GPS, Coordinate Systems, Projections & Feature Creation Flashcards
The basics of creating features in GIS
Georeferencing
Aligning Geographic data to a Coordinate System.
May involve shifting, rotating, scaling, skewing, warping, rubbersheeting or orthorectifying.
Projections
The method by which the curved surface of the earth is portrayed on a flat surface
Geocoding
Converting street addresses into spatial data, usually referencing address information from a street segment layer.
Reverse Geocoding
Finding a street address from a point on the map.
Orthorectification
The process of correcting the geometry of an image so that it appears as though each pixel were acquired from directly overhead.
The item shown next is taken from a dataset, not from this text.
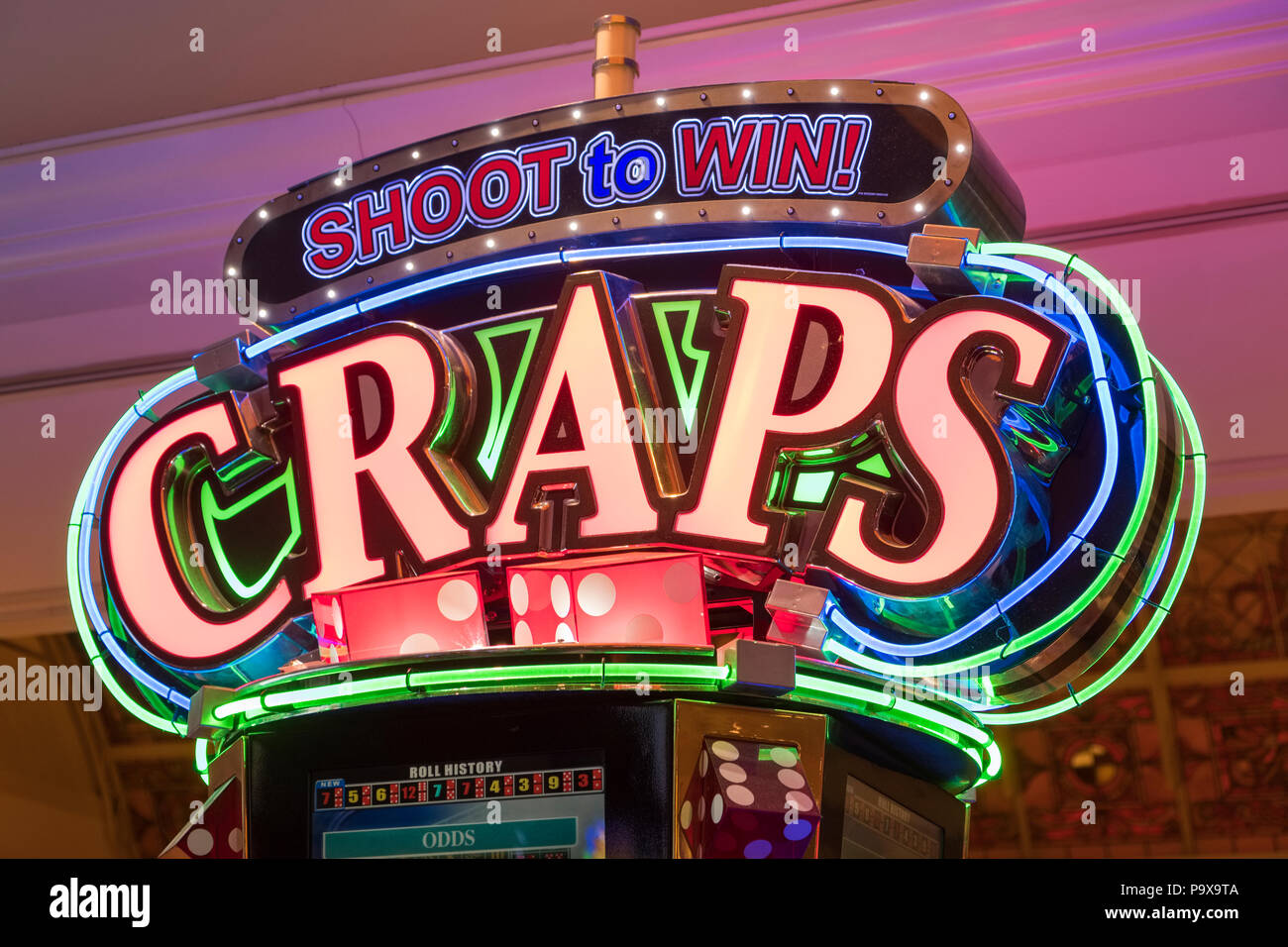 Craps macchina segno al neon in un casino Las Vegas, Nevada, STATI UNITI D'AMERICA Foto Stock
Uses elevation data to correct terrain distortion in aerial or satellite imagery.
Heads-up Digitizing
Manual digitization by tracing over a feature.
Datum
A system of coordinate positions on a surface. A geodetic datum is the basis for calculating positions on, above, or below the earth’s surface.
Precision
Closeness of a repeated set of observations to each other.
Accuracy
Closeness to true position.
Sliver polygon
A small, narrow polygon that appears along the borders of polygons following the overlay of two polygons. May indicate topology problems.
Union
All features that exist in either set are retained.
Intersect
All features that overlap are retained.
Address Locator
Defines the process for geocoding.
Transformation
Converting the coordinates from one system to another.
Geographic Coordinate System
Lat/Long. Uses a datum, prime meridian, and angular unit of measure (degrees, minutes, seconds).